__ASSIGNMENT__.
Since pictures are not wanted in the copy, output only the rest of each record exactly.

>>>>>

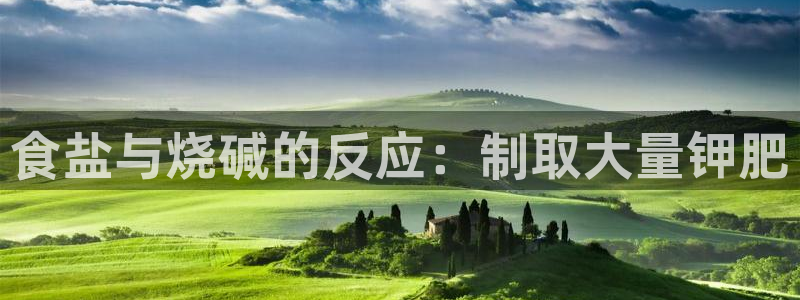 威九国际的金融服务怎么样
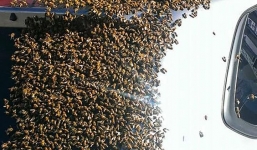 20.000 con ong bám đầy ô tô để giải cứu ong chúa bị kẹt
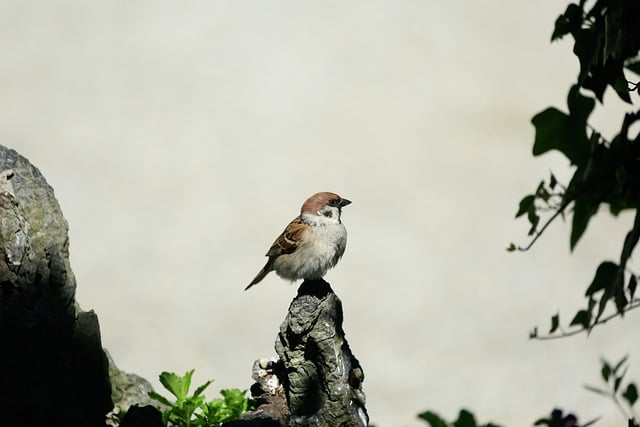 bird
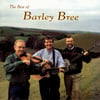 Barley Bree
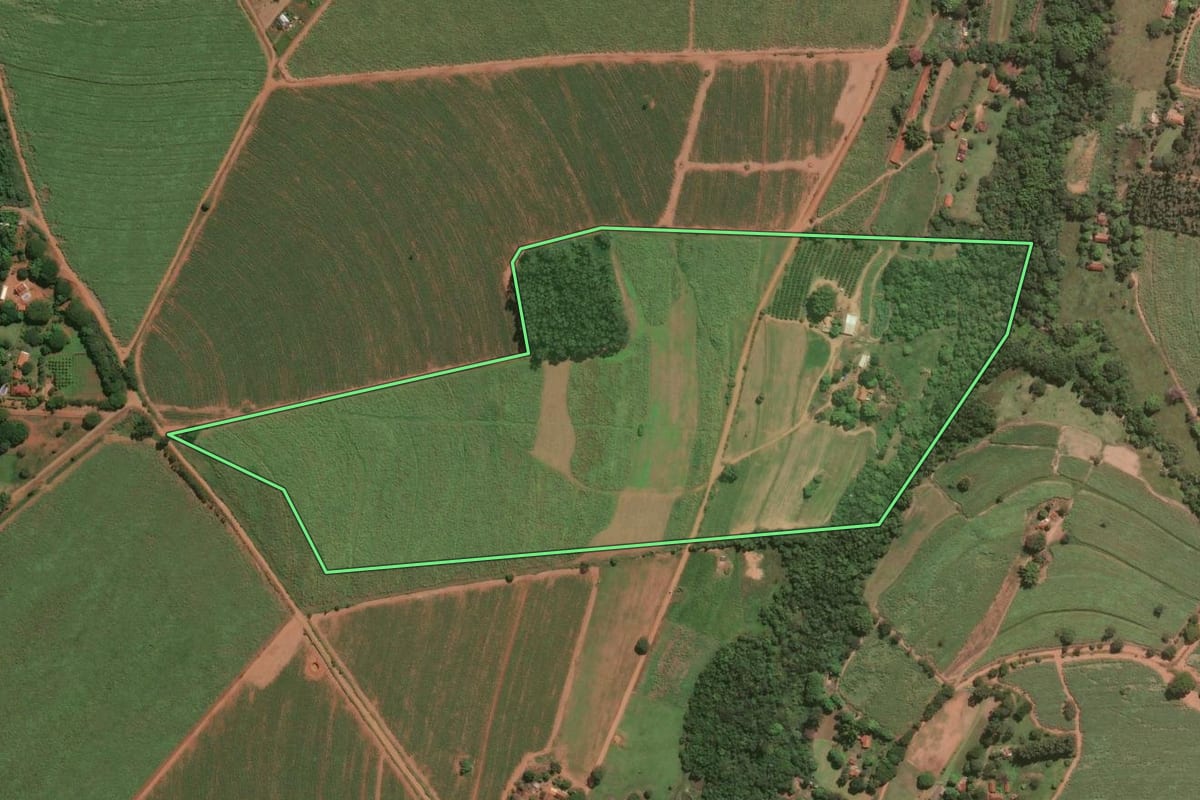 Imagem de satélite do imóvel rural em Araraquara (SP), com o contorno declarado no CAR desenhado por cima.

<<<<<

__ANSWER__.
 威九国际的金融服务怎么样
 20.000 con ong bám đầy ô tô để giải cứu ong chúa bị kẹt
 bird
 Barley Bree
 Imagem de satélite do imóvel rural em Araraquara (SP), com o contorno declarado no CAR desenhado por cima.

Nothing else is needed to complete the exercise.